▸ Given information:
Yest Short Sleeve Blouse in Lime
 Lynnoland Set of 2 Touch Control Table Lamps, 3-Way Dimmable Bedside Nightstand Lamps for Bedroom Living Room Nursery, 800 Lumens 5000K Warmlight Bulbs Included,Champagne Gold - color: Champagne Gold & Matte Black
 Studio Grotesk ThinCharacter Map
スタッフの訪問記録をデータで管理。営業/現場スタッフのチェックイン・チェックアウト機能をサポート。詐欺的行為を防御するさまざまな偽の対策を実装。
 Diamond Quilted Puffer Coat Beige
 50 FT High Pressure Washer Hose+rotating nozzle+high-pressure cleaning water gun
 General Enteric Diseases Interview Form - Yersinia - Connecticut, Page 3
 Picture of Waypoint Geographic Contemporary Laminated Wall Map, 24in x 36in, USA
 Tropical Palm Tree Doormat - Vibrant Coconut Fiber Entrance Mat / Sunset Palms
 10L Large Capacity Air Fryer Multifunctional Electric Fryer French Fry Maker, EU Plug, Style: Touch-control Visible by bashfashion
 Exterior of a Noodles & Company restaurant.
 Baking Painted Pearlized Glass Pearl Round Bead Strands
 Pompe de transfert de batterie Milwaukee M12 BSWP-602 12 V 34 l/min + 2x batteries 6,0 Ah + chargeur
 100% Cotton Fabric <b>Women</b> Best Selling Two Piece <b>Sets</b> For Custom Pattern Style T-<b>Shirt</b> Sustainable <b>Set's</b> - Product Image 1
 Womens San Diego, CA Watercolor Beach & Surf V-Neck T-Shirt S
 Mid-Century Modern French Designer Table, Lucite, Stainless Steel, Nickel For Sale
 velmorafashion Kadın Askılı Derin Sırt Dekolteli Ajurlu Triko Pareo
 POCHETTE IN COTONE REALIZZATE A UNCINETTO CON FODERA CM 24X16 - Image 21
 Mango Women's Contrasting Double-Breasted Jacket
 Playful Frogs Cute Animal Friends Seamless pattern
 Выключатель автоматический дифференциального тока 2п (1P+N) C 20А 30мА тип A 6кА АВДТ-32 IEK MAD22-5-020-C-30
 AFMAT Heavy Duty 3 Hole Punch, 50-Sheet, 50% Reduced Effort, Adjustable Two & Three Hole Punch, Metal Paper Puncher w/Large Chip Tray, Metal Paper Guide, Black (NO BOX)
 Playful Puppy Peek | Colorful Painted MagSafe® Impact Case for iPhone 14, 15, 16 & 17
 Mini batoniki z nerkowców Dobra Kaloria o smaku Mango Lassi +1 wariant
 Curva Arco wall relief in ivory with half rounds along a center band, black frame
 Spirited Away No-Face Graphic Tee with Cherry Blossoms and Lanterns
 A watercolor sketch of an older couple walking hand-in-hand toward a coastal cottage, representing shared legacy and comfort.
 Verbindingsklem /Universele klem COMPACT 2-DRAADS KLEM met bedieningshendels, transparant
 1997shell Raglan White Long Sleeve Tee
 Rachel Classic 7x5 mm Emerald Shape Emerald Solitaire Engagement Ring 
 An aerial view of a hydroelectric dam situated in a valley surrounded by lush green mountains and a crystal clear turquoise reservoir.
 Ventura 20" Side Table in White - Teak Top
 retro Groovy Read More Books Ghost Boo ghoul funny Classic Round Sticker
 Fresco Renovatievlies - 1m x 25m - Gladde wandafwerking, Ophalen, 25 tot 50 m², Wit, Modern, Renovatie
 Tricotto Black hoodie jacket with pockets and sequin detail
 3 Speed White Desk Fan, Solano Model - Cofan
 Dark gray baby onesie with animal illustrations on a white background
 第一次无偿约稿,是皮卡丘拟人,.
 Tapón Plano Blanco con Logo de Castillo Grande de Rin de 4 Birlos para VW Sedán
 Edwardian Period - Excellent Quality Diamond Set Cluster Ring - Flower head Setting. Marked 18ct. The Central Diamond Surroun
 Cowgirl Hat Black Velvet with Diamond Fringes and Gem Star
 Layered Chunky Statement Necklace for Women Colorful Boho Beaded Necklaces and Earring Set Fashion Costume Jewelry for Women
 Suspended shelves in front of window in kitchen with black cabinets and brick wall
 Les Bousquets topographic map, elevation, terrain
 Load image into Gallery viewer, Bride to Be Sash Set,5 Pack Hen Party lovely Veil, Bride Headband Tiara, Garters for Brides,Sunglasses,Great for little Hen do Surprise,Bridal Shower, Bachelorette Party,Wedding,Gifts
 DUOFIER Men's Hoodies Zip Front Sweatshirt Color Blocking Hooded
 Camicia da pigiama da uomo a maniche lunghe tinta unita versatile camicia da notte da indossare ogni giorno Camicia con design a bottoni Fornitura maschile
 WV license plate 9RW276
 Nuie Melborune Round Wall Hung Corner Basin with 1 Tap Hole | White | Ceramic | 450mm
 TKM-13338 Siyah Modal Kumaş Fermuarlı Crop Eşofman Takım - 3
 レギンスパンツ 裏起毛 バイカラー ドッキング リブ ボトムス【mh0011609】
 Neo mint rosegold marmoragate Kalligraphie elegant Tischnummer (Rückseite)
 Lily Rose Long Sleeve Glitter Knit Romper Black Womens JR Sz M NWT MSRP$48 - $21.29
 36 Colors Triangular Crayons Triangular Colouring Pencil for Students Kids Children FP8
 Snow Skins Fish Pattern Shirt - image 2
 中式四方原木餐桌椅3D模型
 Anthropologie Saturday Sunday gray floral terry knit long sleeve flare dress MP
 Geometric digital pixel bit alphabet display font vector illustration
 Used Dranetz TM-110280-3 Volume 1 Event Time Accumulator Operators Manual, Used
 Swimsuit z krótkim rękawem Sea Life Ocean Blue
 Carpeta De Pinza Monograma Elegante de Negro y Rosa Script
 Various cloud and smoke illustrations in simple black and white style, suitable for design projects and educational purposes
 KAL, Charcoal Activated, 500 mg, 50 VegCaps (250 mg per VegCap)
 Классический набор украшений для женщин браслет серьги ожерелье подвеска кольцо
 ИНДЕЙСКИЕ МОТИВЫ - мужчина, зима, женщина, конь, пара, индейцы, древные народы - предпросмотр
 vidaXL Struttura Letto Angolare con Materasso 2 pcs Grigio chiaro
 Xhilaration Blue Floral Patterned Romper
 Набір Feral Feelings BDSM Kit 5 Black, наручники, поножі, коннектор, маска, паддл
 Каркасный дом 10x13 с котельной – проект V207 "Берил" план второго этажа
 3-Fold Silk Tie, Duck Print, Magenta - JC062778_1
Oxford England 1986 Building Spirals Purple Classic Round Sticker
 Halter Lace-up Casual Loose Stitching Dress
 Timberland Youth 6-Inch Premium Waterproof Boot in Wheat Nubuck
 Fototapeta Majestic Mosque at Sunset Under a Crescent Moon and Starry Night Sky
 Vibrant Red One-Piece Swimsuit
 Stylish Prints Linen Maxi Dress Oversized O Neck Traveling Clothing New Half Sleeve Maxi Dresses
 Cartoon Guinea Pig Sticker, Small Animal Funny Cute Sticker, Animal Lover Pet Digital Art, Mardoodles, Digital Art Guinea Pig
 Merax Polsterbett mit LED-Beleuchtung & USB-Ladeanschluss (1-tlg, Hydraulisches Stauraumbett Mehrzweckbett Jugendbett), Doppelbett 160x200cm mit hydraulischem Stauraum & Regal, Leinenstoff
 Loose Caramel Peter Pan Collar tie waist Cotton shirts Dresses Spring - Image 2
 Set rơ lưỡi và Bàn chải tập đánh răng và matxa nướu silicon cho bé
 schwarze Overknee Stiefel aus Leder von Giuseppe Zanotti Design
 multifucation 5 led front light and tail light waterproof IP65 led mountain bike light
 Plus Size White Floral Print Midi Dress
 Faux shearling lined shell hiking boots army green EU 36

▸ Activity: Take from the material above the lines running from the one with "Tropical Palm Tree" through the one with "Pompe de transfert", and repeat them exactly, with nothing else.

▸ Result:
 Tropical Palm Tree Doormat - Vibrant Coconut Fiber Entrance Mat / Sunset Palms
 10L Large Capacity Air Fryer Multifunctional Electric Fryer French Fry Maker, EU Plug, Style: Touch-control Visible by bashfashion
 Exterior of a Noodles & Company restaurant.
 Baking Painted Pearlized Glass Pearl Round Bead Strands
 Pompe de transfert de batterie Milwaukee M12 BSWP-602 12 V 34 l/min + 2x batteries 6,0 Ah + chargeur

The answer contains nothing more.